心があたたかくなる、冬に読みたい1冊 #完結応援
連載時から読んでいて単行本を心待ちにしてました。タイミングを逃して最終話だけ読んでなくて、単行本で無事に最後までしっかり見届けられました。 物語のメインは「あかり」という女性とステンドグラス作家の篝が出会ってからの話ですが、あかりや篝(と息子)の過去の話がとくに印象的です。ステンドグラスですから多くの色が話の中にも出てきます。白黒の紙面からどんな色だろう、きっとこんな感じかな、とイメージするのが楽しいです。終盤にあるフルカラーの見開きで表現している場面では、今まで自分の頭に思い浮かべていたものが目の前に現れたような気持ちになり感激でした。 余談ですが白にもいろんな色がある、というところで某「白って200色あんねん」が脳裏をよぎってしまったことは紛れもない事実である。

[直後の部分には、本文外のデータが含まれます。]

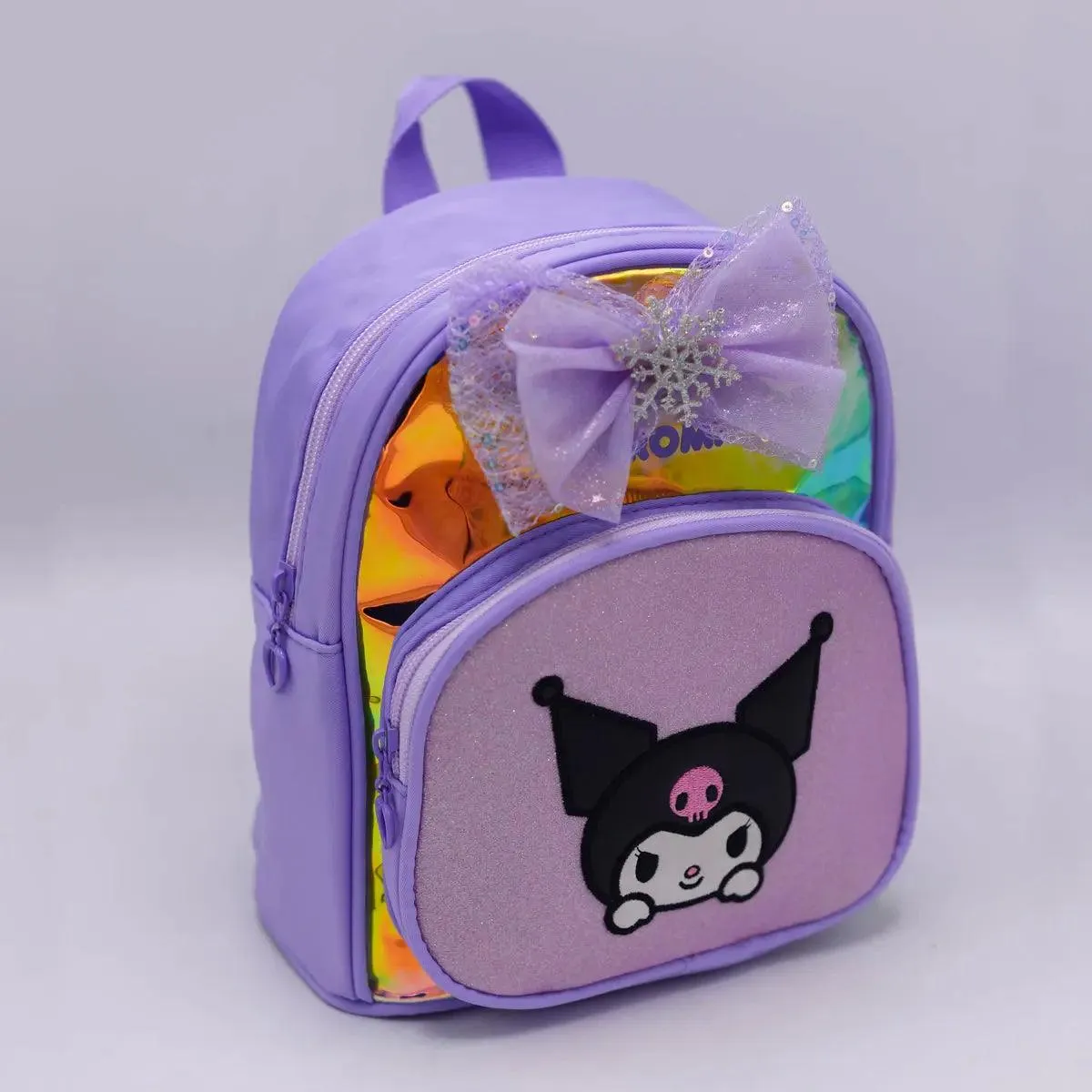 TRENDING KUROMI BACKPACK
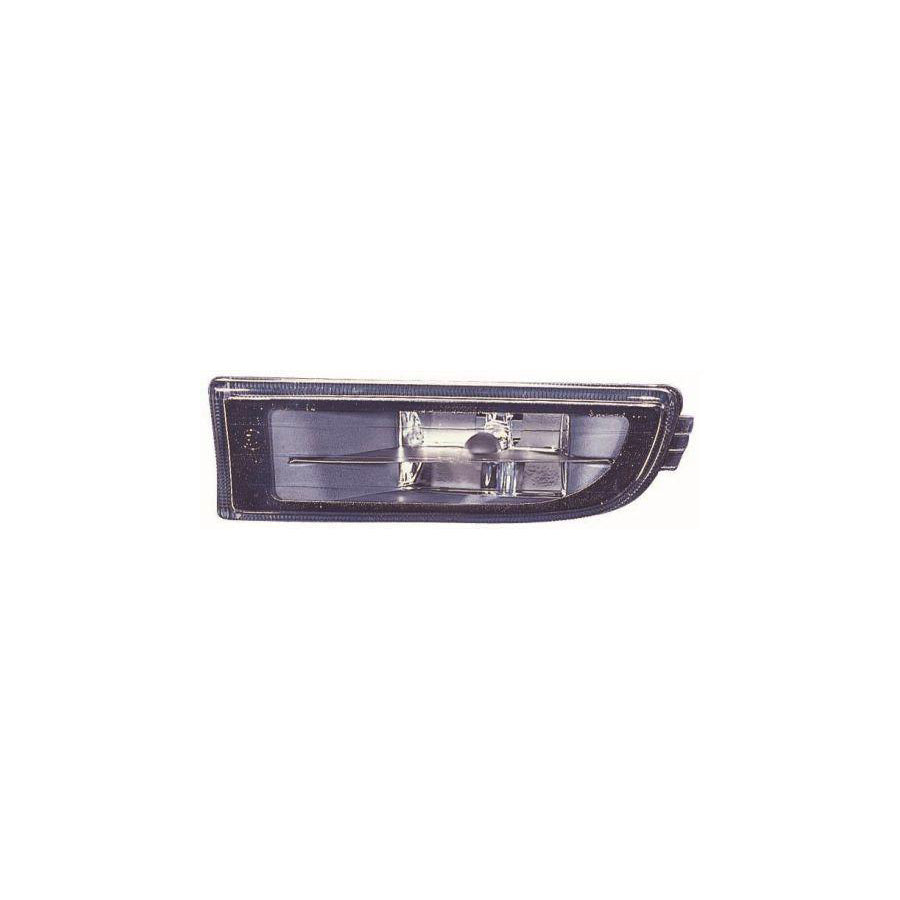 Abakus 4442012LAQ Fog Light For Bmw 7 (E38) | Duco Car Parts UK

ステンドグラス職人のおじいさんは最愛の妻を亡くしたショックでスランプになっていた。疎遠になっている一人息子は葬式にも来ず、孤独によって卑屈になってしまったおじいさんはこのまま職人を辞めようとしたところに…息子が離婚してから会っていなかった孫娘のあかりが訪ねてくる。ステンドグラスに興味を持った孫娘との交流によって元気になっていくおじいさんだったが、実はあかりには秘密があって…というお話。あかりの秘密がなかなかの衝撃だったのでハラハラしましたが、結末はステンドグラスの灯りみたいに優しくてホッとするものでした。
ステンドグラスを通した光の描写が美しくて本当に感動しました。いつもと使われている画材も違うような気がしてこだわりを感じました。後書きによると小日向まるこさんのおじいさんが実際にステンドグラス職人だったそうで、セリフやストーリー以外でもそういうところに想いが込められているのかもしれません。